1. What is the regulatory background to credit scoring?

Any financial service provider wishing to enter into a contractual relationship with counterparty risk has a legitimate interest in obtaining information about the creditworthiness of its contractual partner in order to decide on the establishment of the contractual relationship on a case-by-case basis. For certain financial products, the institutions are expressly obliged to carry out a credit assessment of the contractual partner, e.g. for property consumer loans and general consumer loans, see Section 18a KWG (German „Kreditwesengesetz“). In addition, the creditworthiness or debt servicing capacity assessment may be a necessary measure to ensure the proper business organisation of the institution, see e.g. Section 25a KWG in conjunction with BTO 1.2 (Requirements for processes in the lending business) MaRisk. Section 18a (3) KWG expressly stipulates in connection with consumer loans that credit institutions may, if necessary, use information from credit information agencies when assessing creditworthiness. At the same time, the use of external credit assessments does not release the institution from the obligation to form its own judgement about the counterparty default risk and to incorporate its own findings and information into the credit decision (point 6, BTO 1.2 MaRisk).

2. What data protection challenges arise when calculating and using score values?

Apart from isolated general regulatory requirements, the credit institutions can decide for themselves which specific information they base their credit assessment on in detail.

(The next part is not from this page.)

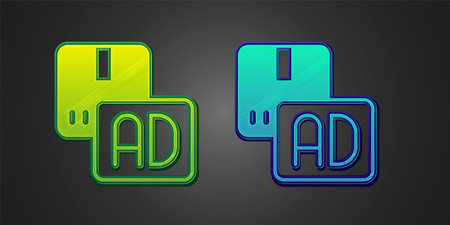 Green and blue Advertising icon isolated on black background. Concept of marketing and promotion process. Responsive ads. Social media advertising. Vectorのイラスト素材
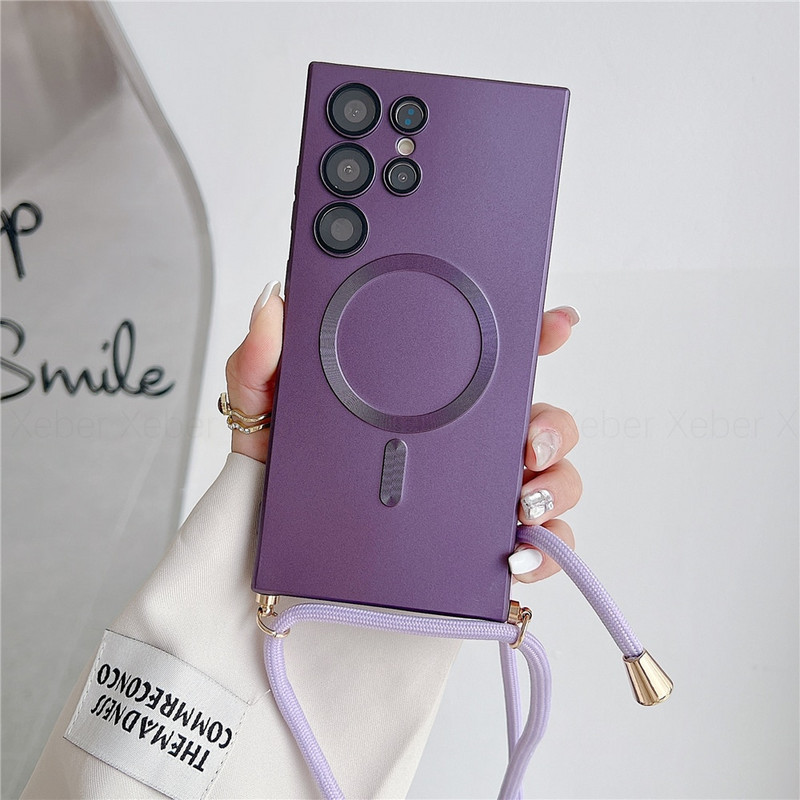 Lanyard Crossbody Necklace Magnētiskais uzlādes futrālis Samsung S23 Ultra S22 S21 Plus S20 FE Note 20 10 Pro matēts vāciņš priekš Magsafe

Such information can be, for example, information on income, expenditure, turnover and other information on the financial and economic circumstances (so-called “positive data”) or information on payment arrears or defaults from previous contractual relationships or insolvency data (so-called “negative data”) of the potential customer.

In addition, individual pieces of information can be automatically processed by credit information agencies on the basis of undisclosed algorithms to create a score value, which then makes a general statement about the probability of future behaviour of the potential contractual partner of the SCHUFA customer (payment forecast), such as the repayment of a loan (so-called “scoring”). This score value can be included by financial service providers in various ways in their own decision-making processes regarding the establishment of a contractual relationship with the person concerned. For example, it can be used as a knock-out criterion or as one of several factors that are weighted differently depending on the risk assessment model of the respective credit institution.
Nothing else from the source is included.